# INFORMATION SUPPLIED
⁂
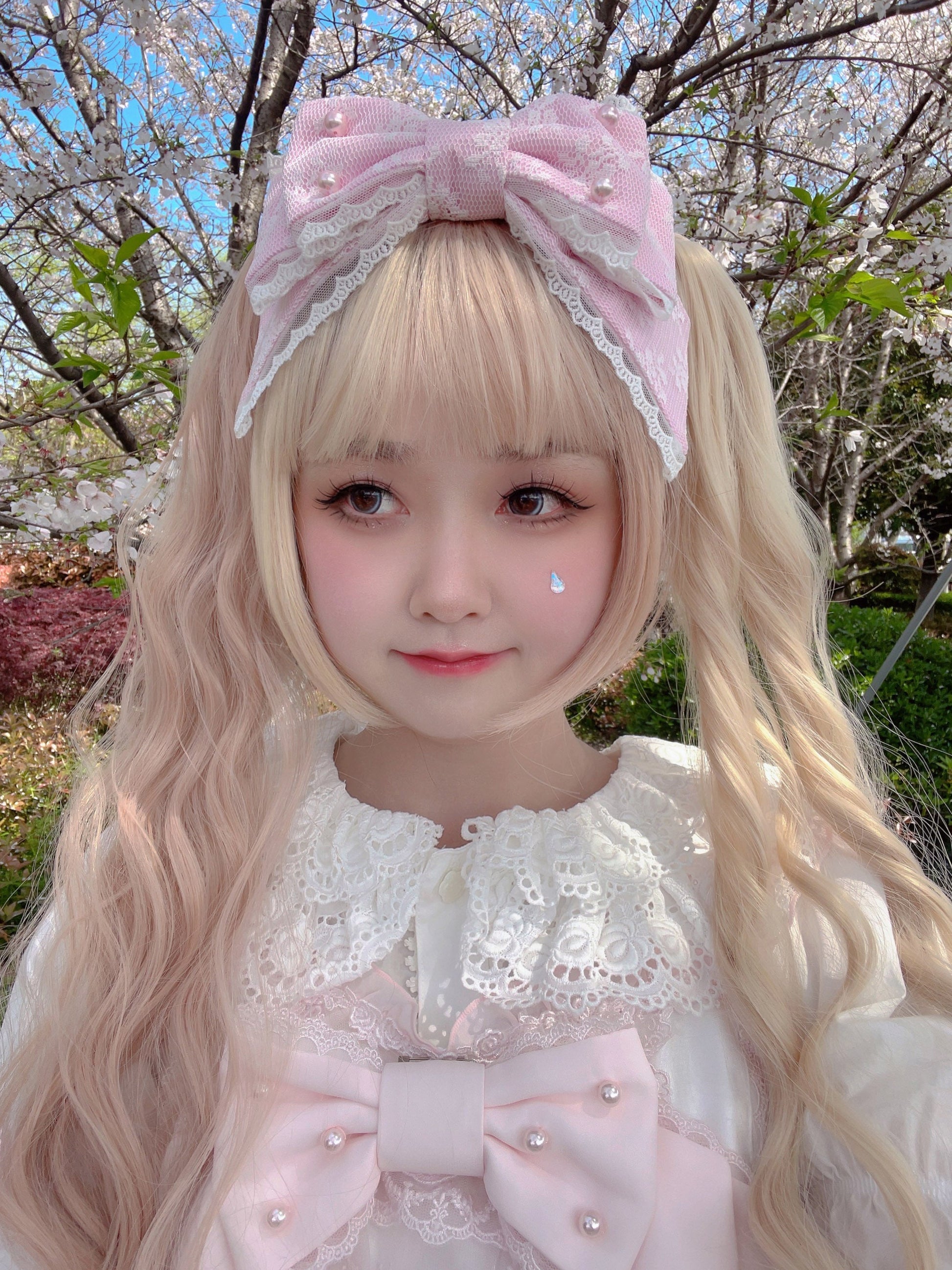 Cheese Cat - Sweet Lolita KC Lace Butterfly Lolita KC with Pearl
⁂
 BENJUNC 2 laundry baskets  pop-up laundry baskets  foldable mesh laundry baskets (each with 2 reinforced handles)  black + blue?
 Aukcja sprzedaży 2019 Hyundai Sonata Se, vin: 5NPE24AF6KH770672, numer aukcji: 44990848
⁂
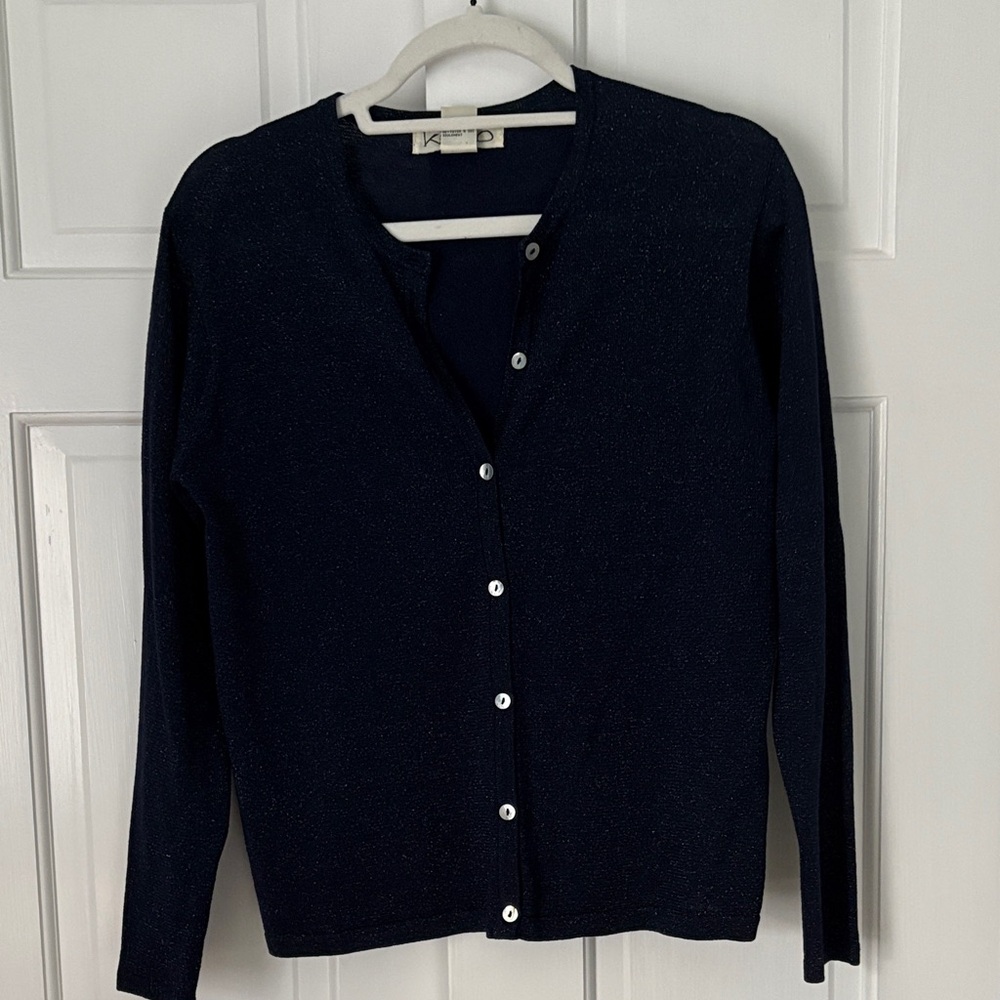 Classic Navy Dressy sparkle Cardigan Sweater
⁂
# WHAT TO PRODUCE
Print exactly the lines above, between the one holding "BENJUNC 2 laundry" and the one holding "Aukcja sprzedaży 2019", inclusive, and nothing besides.

# RESULT FOR THIS TASK
 BENJUNC 2 laundry baskets  pop-up laundry baskets  foldable mesh laundry baskets (each with 2 reinforced handles)  black + blue?
 Aukcja sprzedaży 2019 Hyundai Sonata Se, vin: 5NPE24AF6KH770672, numer aukcji: 44990848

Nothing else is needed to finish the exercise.